University of Copenhagen opens a Center for Disaster Research
With climate change increasingly wreaking havoc the world over, besides traditional natural disasters such as earthquakes and tsunamis, managing natural disasters more efficiently is a priority for the future. For that reason, the University of Copenhagen has created the Copenhagen Center for Disaster Research (COPE), a hub of multidisciplinary expertise on disaster management, based on analysis and intelligence.

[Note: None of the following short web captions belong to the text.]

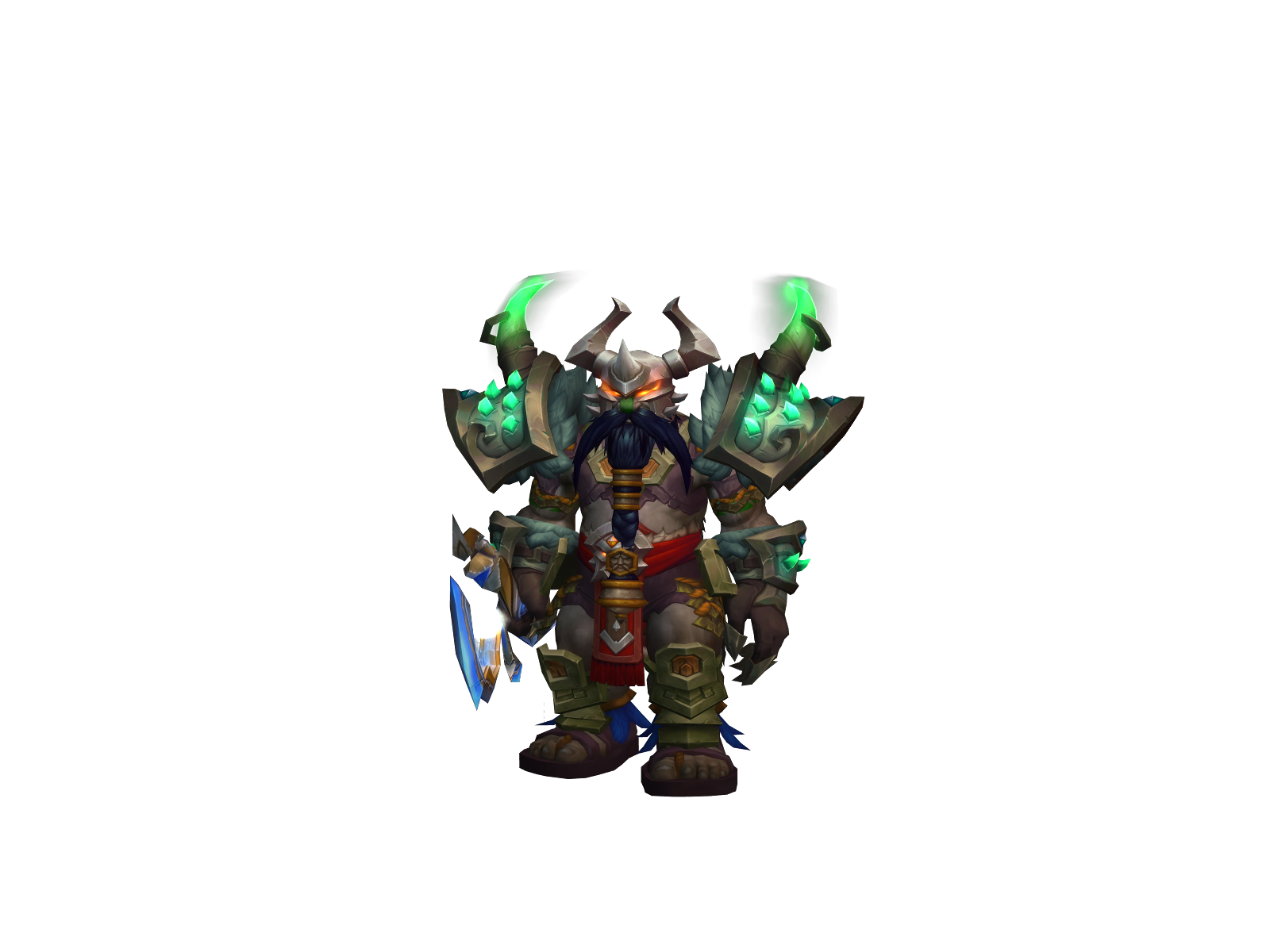 Monkeyfinger 3D character render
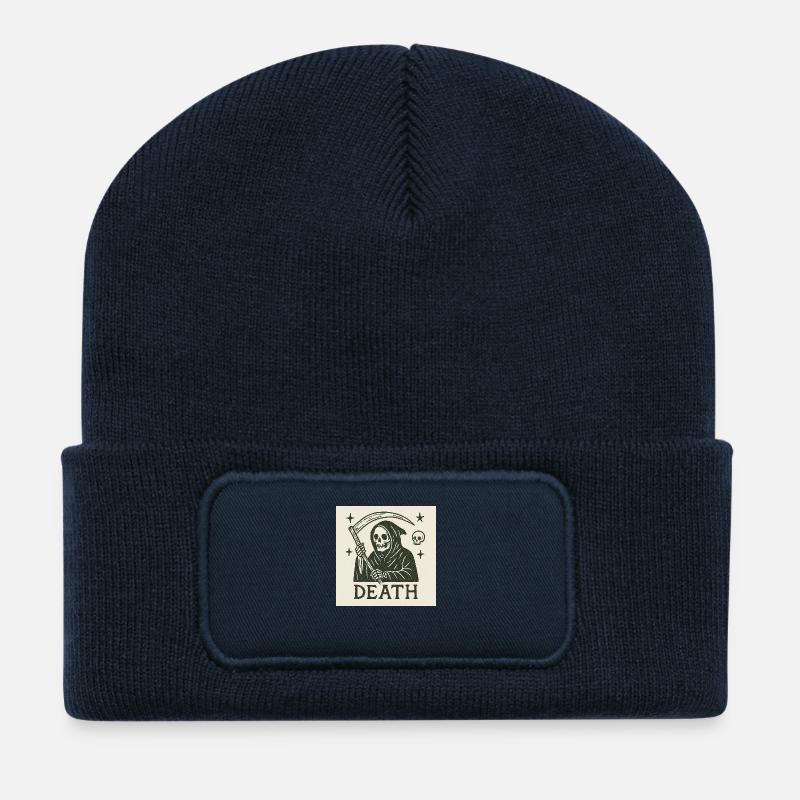Mäher - Recycelte Patch Beanie - French Navy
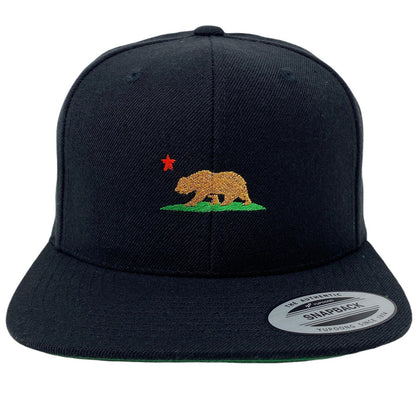 California Republic Bear Snapback Hat
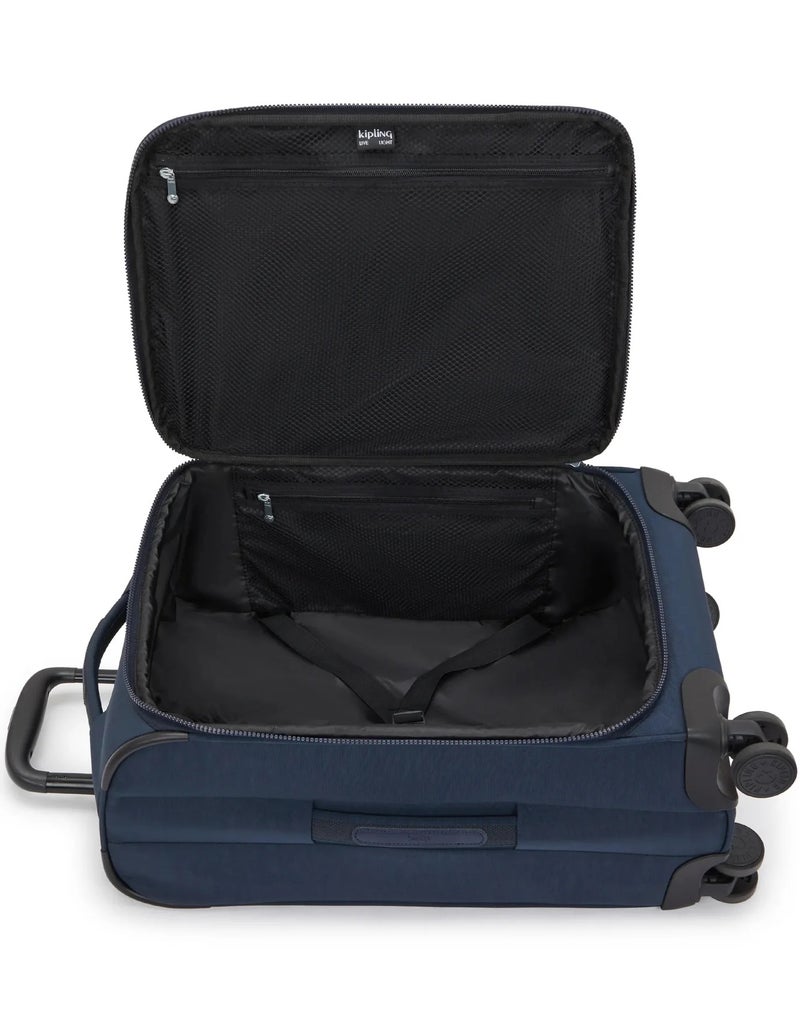 كيبلينغ حقيبة سفر صغيرة بعجلات للجنسين أزرق جديد يوري سبين - Image 3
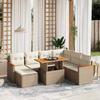 VidaXL Garden Lounge Set with Cushions 8 Pcs, Patio Sofas, Patio Furniture Set, Outdoor Furniture, Beige 3276054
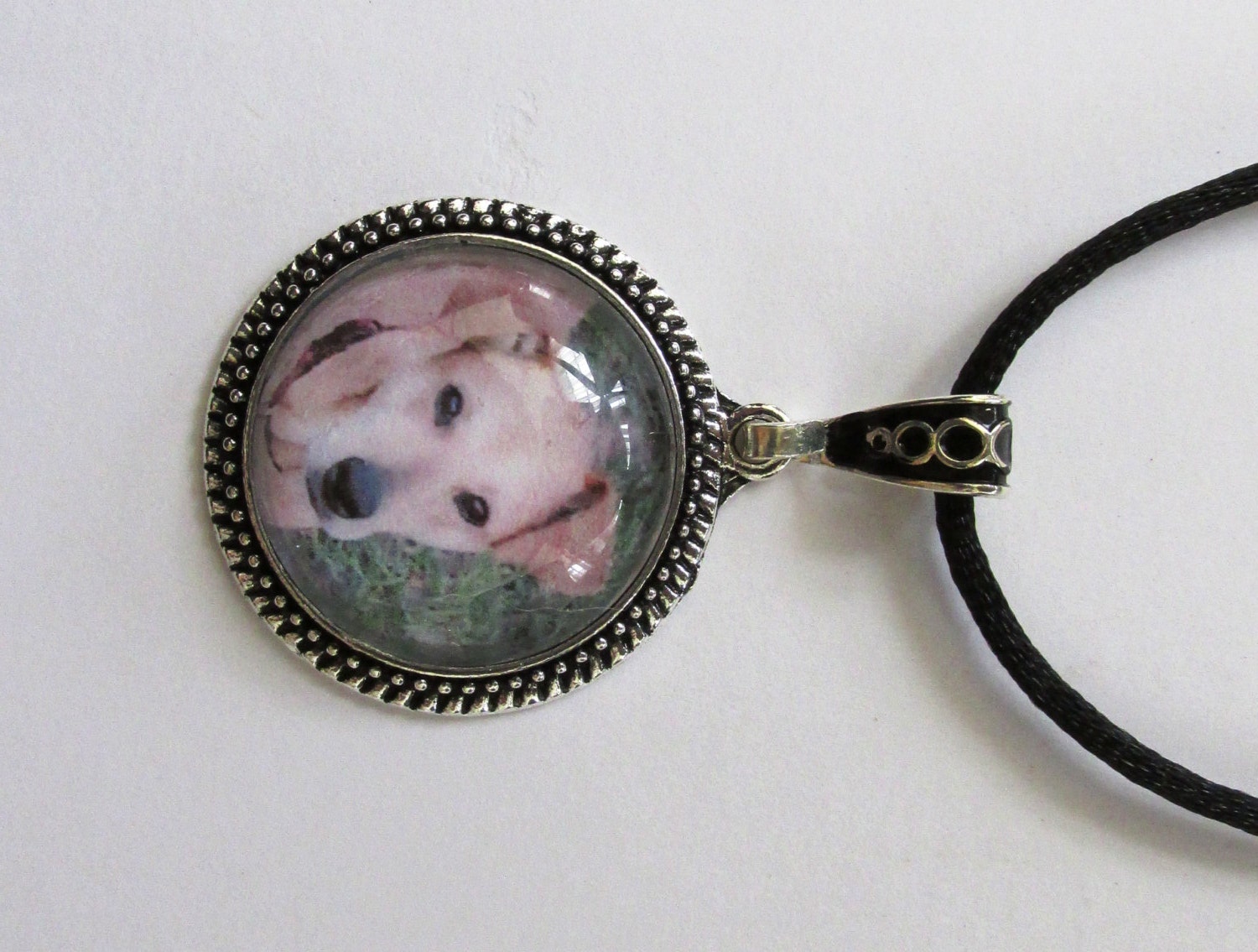 Personalized Photo Necklace Pendant by ShadowsofLove on Etsy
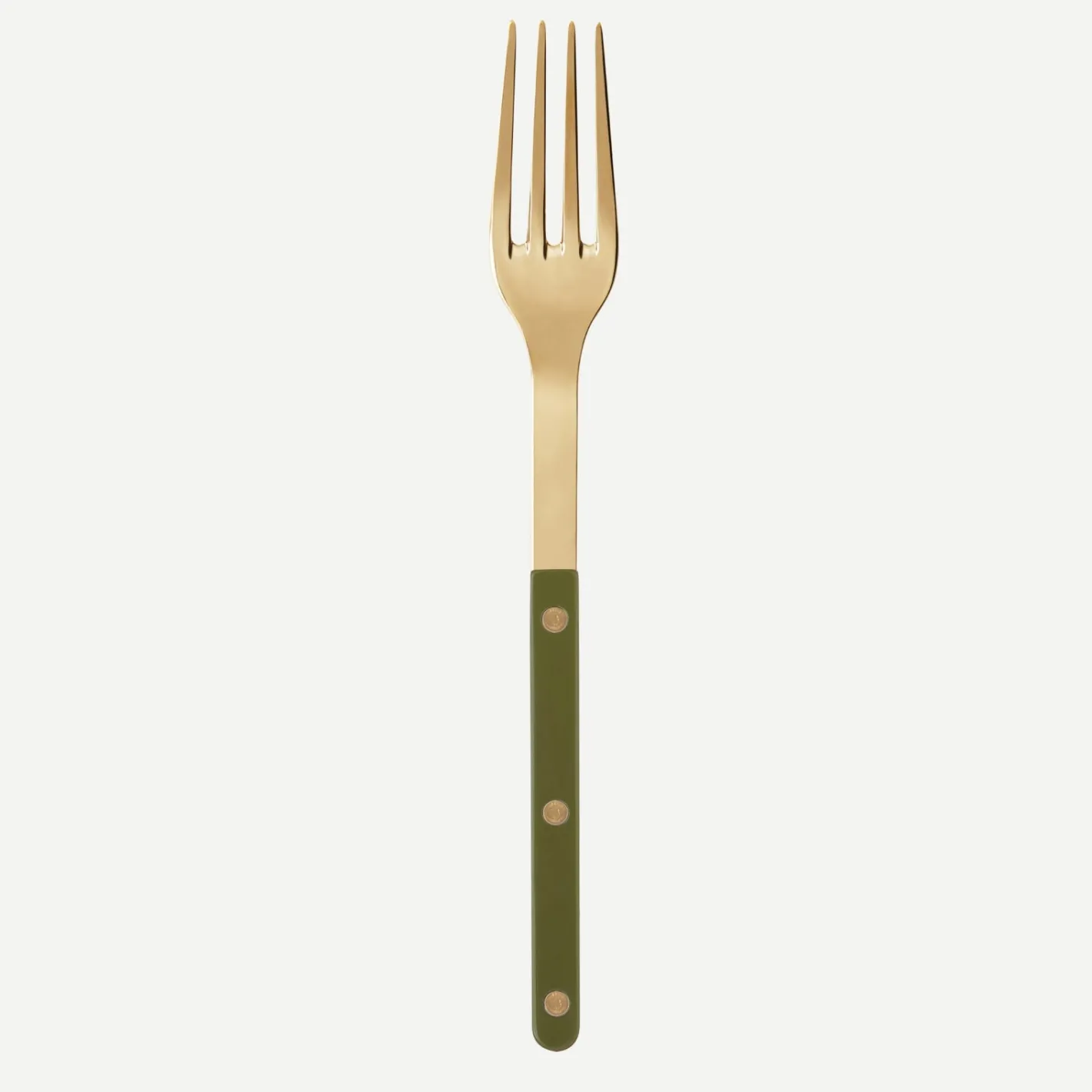 Sabre Paris Bistrot Gold Solid, Green fern | Serving Fork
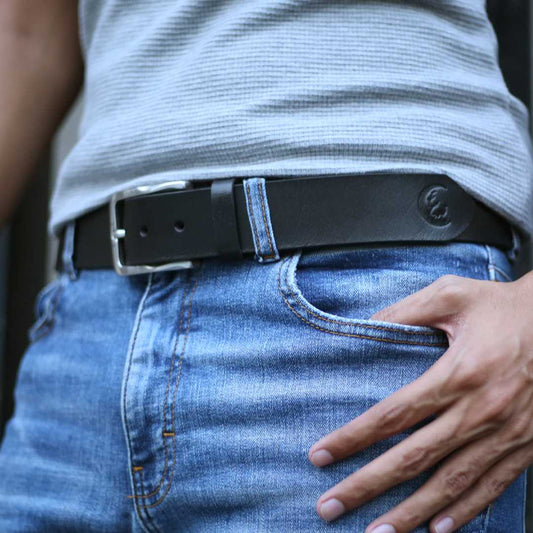 Nocturne  Black Leather Belt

One of the main concepts behind COPE is the Disaster Situation Room, a place where both researchers and specialists with first-hand experience in disaster relief can meet to brainstorm and provide advice during disasters. One of the key aspects of the center’s ethos is to bring analytical skills into disaster management. This includes factoring in, for instance, cultural aspects of the populations affected, which provide clues on how to proceed more effectively. The center will collect data from each case to build a knowledge bank by monitoring relief aid activities, media coverage and political agendas.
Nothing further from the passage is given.